During his duty, none of the soldiers from his company were killed. Sapp suspects that his company was put on base security instead of the more dangerous convoy security assignment because twenty percent of his company was female and the Army did not want to put women in combat.
Sapp explained that while in Iraq, he began to feel that the American presence was not contributing to long-term stability or political progress. He recounted a night spent on shift in a guard tower on base with a career soldier, who told him that if he were an Iraqi, he would be fighting the Americans as well.
“The insurgency seems to have some justification,” Sapp said. “But there’s no way you can justify what they do, even if you want to be a little thoughtful and sensitive. It’s just brutal. There are a lot of murderers over there.”
Sapp was not optimistic about the relationship between the Iraqi people and the U.S. military, explaining that Iraq is a country that has been “occupied by someone for hundreds of years.” Therefore, he feels, Iraqi civilians have gotten used to hiding their true feelings and putting on a false demeanor for those they view as occupiers.
Likewise, Sapp said that while the Iraqi army has been improving, it remains amateurish and unprofessional. Similarly, he said that the Iraqi police have been completely unreliable and have been infiltrated by the insurgency.
“It’s a mixed bag,” he said. “My general feeling is that most of the Iraqis just want us out of the country. A sizeable amount wouldn’t mind seeing us leave in coffins.”
Sapp also spoke about the morale of American troops, saying that he feels most soldiers are experiencing similar emotions as troops in Vietnam had felt. He said that the younger soldiers he has lived with were decent but frightened people who had developed “this mentality that ‘I’m coming home no matter what.’” This has led, in Sapp’s opinion, to inappropriate shootings of civilians in cars out of fear they were suicide bombers. His prognosis for the future was grim.
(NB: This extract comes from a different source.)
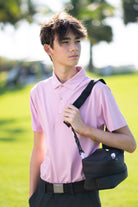 Boy on a golf course wearing the pink Nantucket Performance Polo. Designed with fabric technologies like sweat-wicking, 4-way stretch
“When we leave, whether it’s next year or ten years from now, the fractures [between Sunnis, Shiites, and Kurds] will be exposed and the civil war we started will intensify,” Sapp said.
Students who attended the lecture commented on Sapp’s blunt sincerity.
“There was so much reality and so little ideology,” said Nathaniel Lichten ’09, a member of Students Against the War in Iraq. “After hearing this, I would find it even harder to support the war.”
Becca Blumenshine ’06 appreciated the chance to hear from someone with a firsthand experience in Iraq.
“It forced me to face up to the tragedy that my government is involved in, in a way I don’t have to on a regular basis,” she said.